Homebuilding Stocks: Rising With Reason [View article]
Big On Credibility - Well, yes, the bottom will be round and will not be completely obvious until it has passed. And a "turnaround" for builders which implies increasing profits is different than a bottom which implies no more losses. Perhaps you haven't noticed the general inflation that surrounds us. The gov assisted by the Fed is not about to allow a depression style landing with 30% of all houses owned by banks which is what is required if prices are to continue to fall. They will do whatever is required. If they are unsuccessful, we will have much bigger problems than poor house prices. That's ok, we disagree, time will tell.
Homebuilding Stocks: Rising With Reason [View article]
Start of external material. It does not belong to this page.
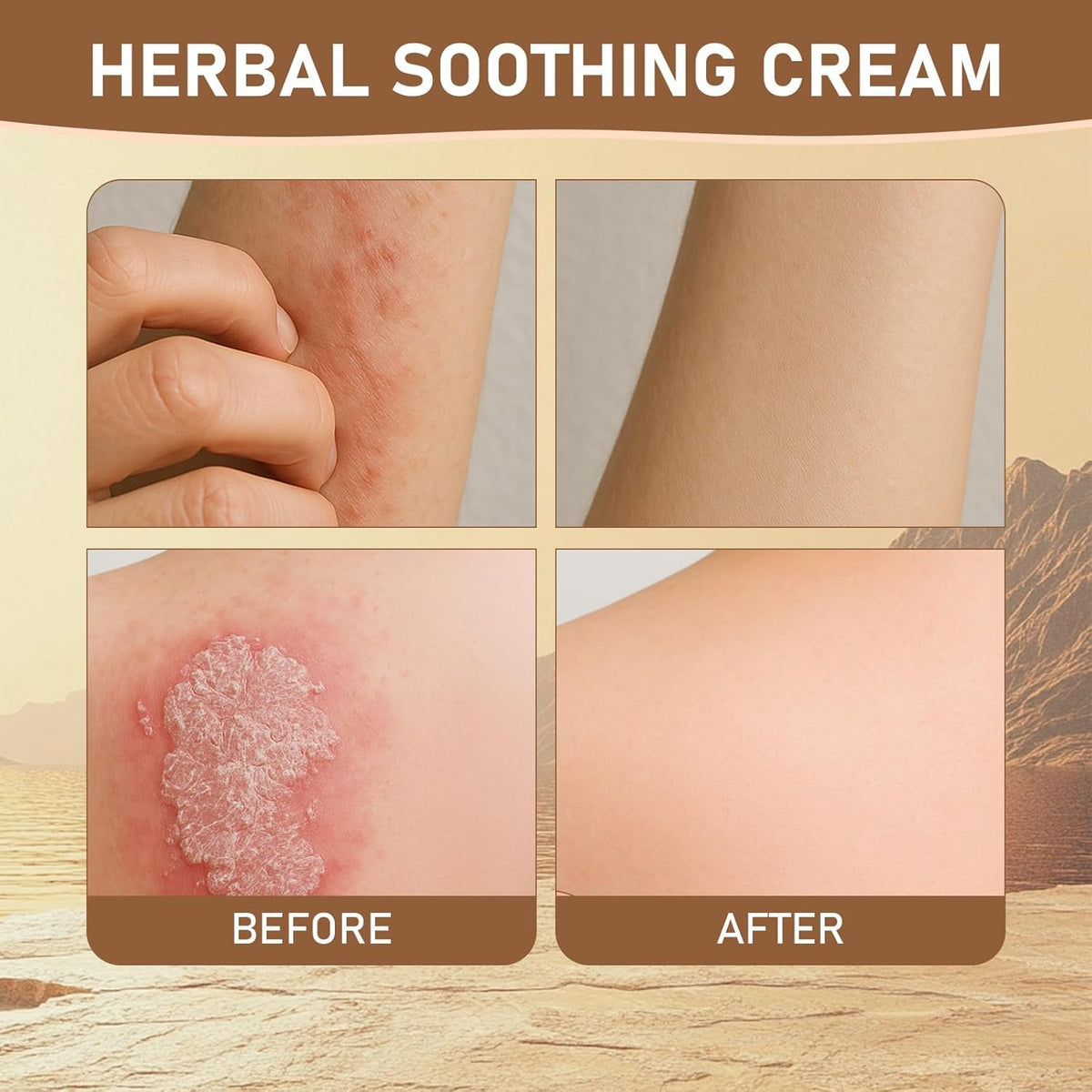Rulinal Herbal Soothing Cream hand application demonstrating quick relief.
A fine article, but it fails to mention perhaps the most important event to occur since the housing debacle began. Last week the rate of home building finally fell below the rate of household formation. This doesn't even include the fact that houses are continually being removed from the market due to obsolescence. From now on, every day that passes will mean there will be fewer vacant houses available on the market. Very soon all those home buyers who have been holding back waiting for the bottom will realize the bottom has already passed. Of course this is a total national event. One can expect the recovery to be geographically uneven. The places with the largest actual oversupply will be the last to recover. The nice houses near the beach in sunny California have already passed the bottom. Michigan may have a ways to go. If you are thinking of perhaps buying yourself a housing stock or a new home, you better get busy with your homework. As these houses are soaked up, the next housing shortage is in the process of creation. The housing market is inherently unstable.
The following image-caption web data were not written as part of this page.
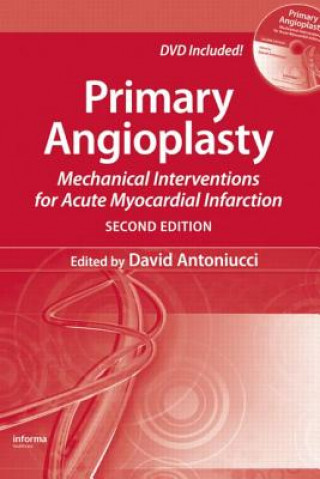 Kniha Primary Angioplasty 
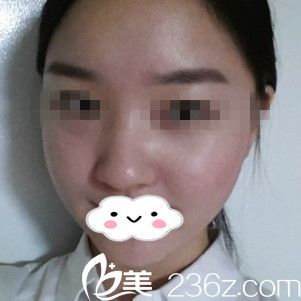 手术后一个月 手术后一个月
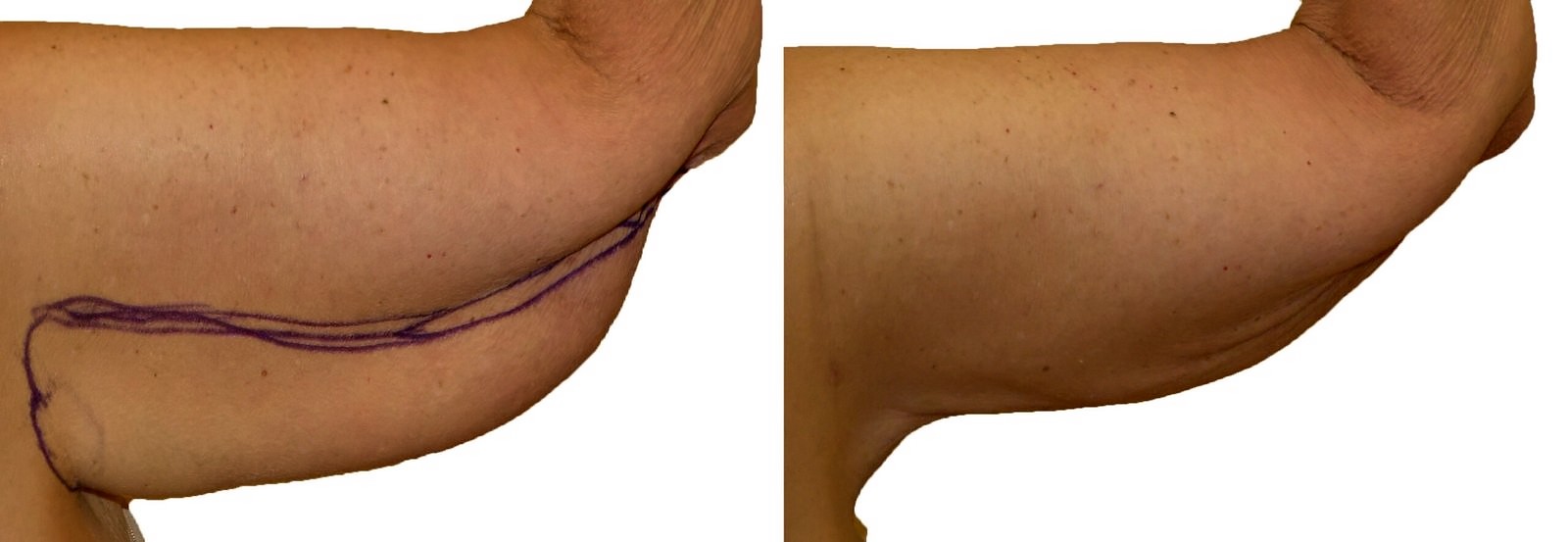 Before/After Arm liposuction before and after, actual patient of Dr. Long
How Ivory Tower Economists Created the Housing Bubble [View article]
For Keithp -
Yes, this article leaves out a great deal and still is too long. Yes, all RE is local, but the total aggregate demand for our nation is pretty fixed. Those people leaving one area simply boost demand (and rents/prices) in the area they move to. In a stable, nationwide RE market, these forces will balance out as capital flows from one area to another. If the gov would track the aggregate national demand and resulting prices properly it would solve many problems.
Another related and very important factor that is not adequately addressed in the above discussion is that all RE is continuously depreciating and must be replaced on a regular basis. I make the rate of actual physical depreciation to be about 2%/year. In other words, about 2% of the housing in any stable area will need to be rebuilt every year. Of course, much of this building is maintenance of existing building. Nevertheless, as a consequence of the ongoing depreciation, even those areas are depressed by jobs and people that have left the area will eventually recover to the cost of construction for housing in that particular area. - If you can wait that long. In a truly stable housing market, the cost of construction is the dominate controlling factor. You can't get too much above this or builders simply build more houses. You can't get too much below this because existing houses are continuously evaporating and the supply of houses eventually falls to meet the demand.
For dckleins -
I am not familiar with the Chicago area RE market, but I would guess that the details of RE returns/losses for the next couple years are going to be dominated by market swings, and you should probably not base your decision on a calculation that begins by assuming stability. The immediate future may turn out be a grand opportunity to nail down a big chunk of equity that you can take with you when you leave Chicago depending on what programs the gov offers to home buyers. One things sure, the gov is not going to let the whole economy go down in flames, so easy money (general inflation) seems guaranteed at this point and house prices will not be allowed to decrease dramatically. I hope you allow for a big enough inflation number in your model. Gold prices tell you what others are expecting. A person's personal residence makes a better real asset holding than gold.
That said, I would also suggest that many people come out ahead by owning a house because it is an enforced savings plan so they don't end up spending the money they could have invested elsewhere.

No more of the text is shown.